▶ **PROBLEM DESCRIPTION**:
For the entries below, the expected answer is the line with "This next one", the line with "Next you want", and every line between them, exactly as written, and nothing more.

▶ **DATA**:
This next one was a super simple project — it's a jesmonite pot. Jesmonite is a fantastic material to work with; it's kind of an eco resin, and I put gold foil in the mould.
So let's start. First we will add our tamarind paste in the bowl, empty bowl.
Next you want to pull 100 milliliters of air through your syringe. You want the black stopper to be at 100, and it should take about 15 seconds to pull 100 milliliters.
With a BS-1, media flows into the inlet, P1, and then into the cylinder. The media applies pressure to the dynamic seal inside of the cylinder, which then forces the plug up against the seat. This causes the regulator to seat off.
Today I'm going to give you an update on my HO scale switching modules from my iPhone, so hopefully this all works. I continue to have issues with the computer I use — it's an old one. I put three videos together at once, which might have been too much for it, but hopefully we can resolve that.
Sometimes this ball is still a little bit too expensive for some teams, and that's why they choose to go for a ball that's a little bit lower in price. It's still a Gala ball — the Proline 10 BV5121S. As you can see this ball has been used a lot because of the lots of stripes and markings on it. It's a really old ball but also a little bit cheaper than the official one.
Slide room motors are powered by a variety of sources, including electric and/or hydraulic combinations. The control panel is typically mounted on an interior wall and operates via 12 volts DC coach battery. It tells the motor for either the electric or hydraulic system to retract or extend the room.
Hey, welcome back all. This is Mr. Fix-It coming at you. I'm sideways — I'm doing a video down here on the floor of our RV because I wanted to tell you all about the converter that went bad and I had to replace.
...
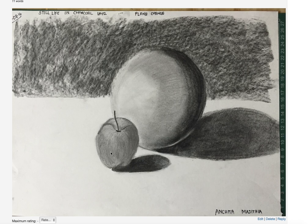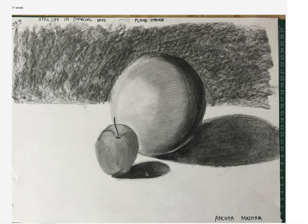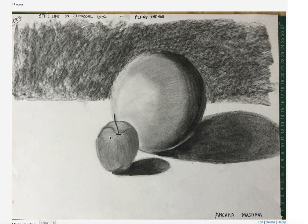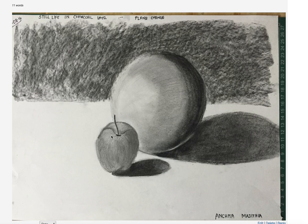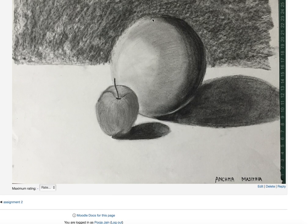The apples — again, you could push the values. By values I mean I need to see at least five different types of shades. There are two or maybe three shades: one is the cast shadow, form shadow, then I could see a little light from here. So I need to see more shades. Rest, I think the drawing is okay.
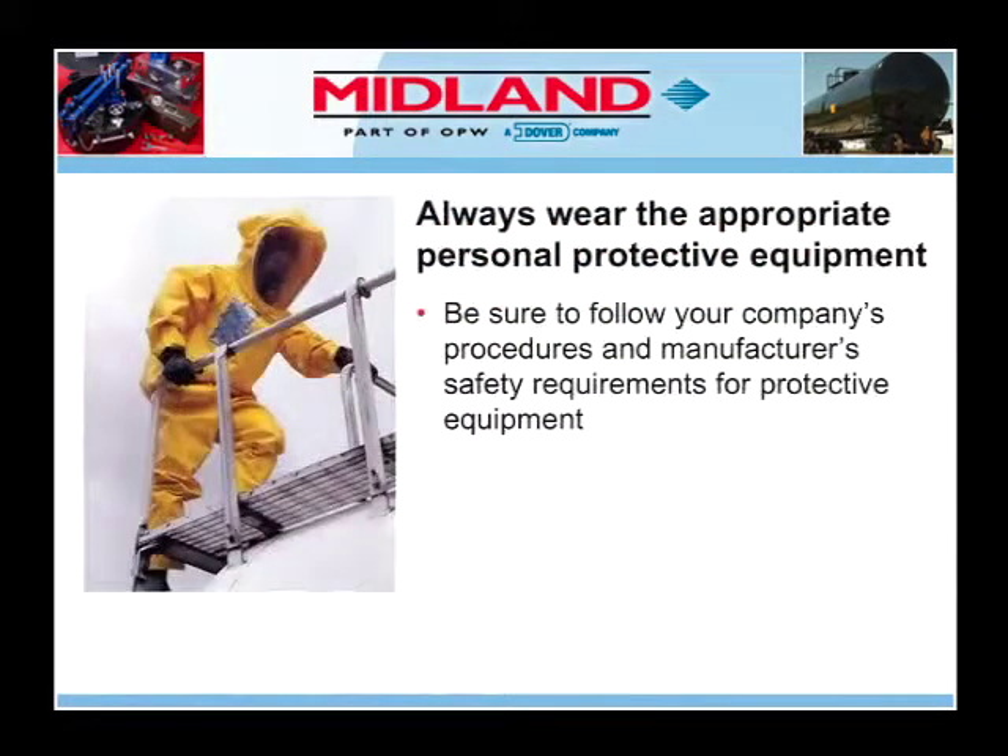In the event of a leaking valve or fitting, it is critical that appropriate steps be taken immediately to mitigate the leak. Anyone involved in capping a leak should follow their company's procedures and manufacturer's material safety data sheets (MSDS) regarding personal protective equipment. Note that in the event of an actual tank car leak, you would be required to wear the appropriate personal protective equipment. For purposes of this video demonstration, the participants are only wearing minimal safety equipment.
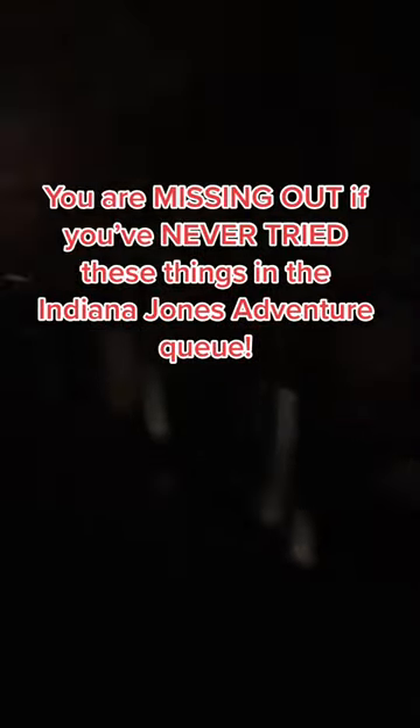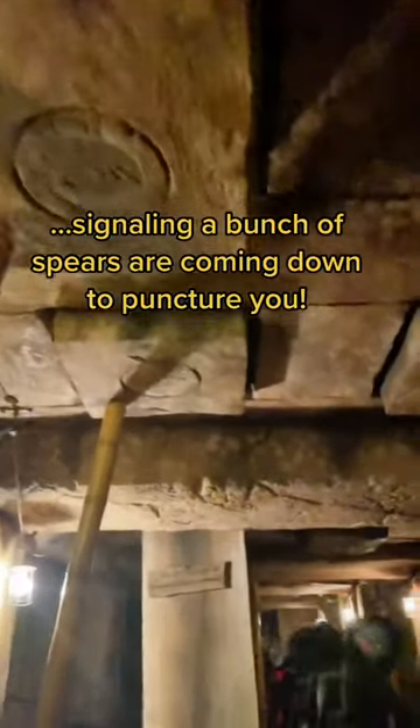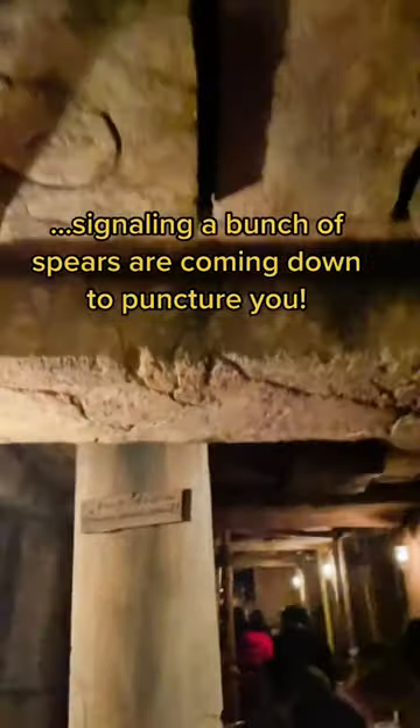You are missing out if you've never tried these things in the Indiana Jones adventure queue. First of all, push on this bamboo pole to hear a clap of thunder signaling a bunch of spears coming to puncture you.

▶ **EXERCISE RESULT**:
This next one was a super simple project — it's a jesmonite pot. Jesmonite is a fantastic material to work with; it's kind of an eco resin, and I put gold foil in the mould.
So let's start. First we will add our tamarind paste in the bowl, empty bowl.
Next you want to pull 100 milliliters of air through your syringe. You want the black stopper to be at 100, and it should take about 15 seconds to pull 100 milliliters.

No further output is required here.